Tare sounds like a slightly queasy and hungover James Mercer from The Shins. His lyrical style is disjointed; he offers blocks of imagery that don’t seem to connect or juxtapose from stanza to stanza. But what more could our generation — weaned on inconsequential 20-second commercial bursts on TV — ask for? In "Peacebone," Tare’s poetry spans from the thoughtful, "And an obsession with the past is like a dead fly/ Only a few things are related to the ‘old times’/ Then we did believe in magic and we did die,” to the abject, “While half of my fingers are dipped in the sand/ You progress in letters but you’re used to cooking broccoli/ The other side of takeout is mildew on rice."
Animal Collective deserves credit, however, for creating something new and divergent by today’s standards. Instead of reflecting a mirror image of its audience (for instance, marketing to it like many pop groups do) Strawberry Jam projects itself honestly. There are no soul-selling yearnings for acceptance here, and this isn’t speculation. Animal Collective released its records off indie labels, allowing the flexibility to pursue its adventurous ideas. “Cuckoo Cuckoo” is half-song and half-ambiance from what sounds like a dentist office.

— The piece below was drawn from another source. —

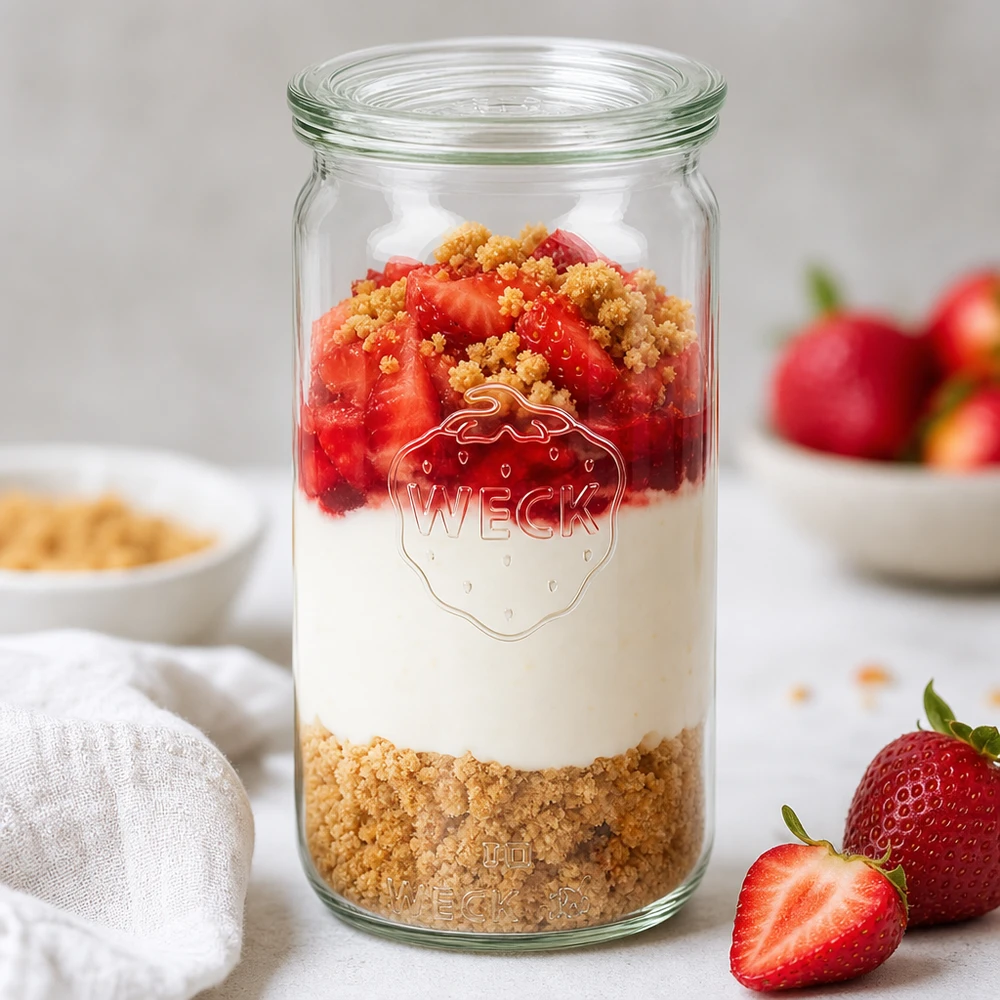 Vaso cilindrico da 340 ml con coperchio in vetro WECK RR60 WECK 340ml vaso cilindrico RR60 con strato di dessert alla fragola, crema di base al biscotto e frutta come ispirazione per il parfait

The fact remains that Animal Collective’s sound can be too quirky for its own good. The subtlety that one would want to exist in Beatles-esque melodies such as “Fireworks” is torn asunder by the towering notes that crash therein. So, despite that many songs sound like a musical equivalent to a wannabe Jackson Pollack painting, the record is saved from failure thanks to those moments where Animal Collective gets it right: the synths, guitars, drum and voice all meeting in proportion, achieving a singular, pleasing context.
Strawberry Jam is not a recommendable record because it won’t catch too easily for most listeners. There are around 15 minutes of palatable songcraft out of the 43 and a half minutes of the record. The other 28 minutes are stark — more of an art statement than music — and that’s not what Johnny College Boy is craving when he puts his Apple earbuds on.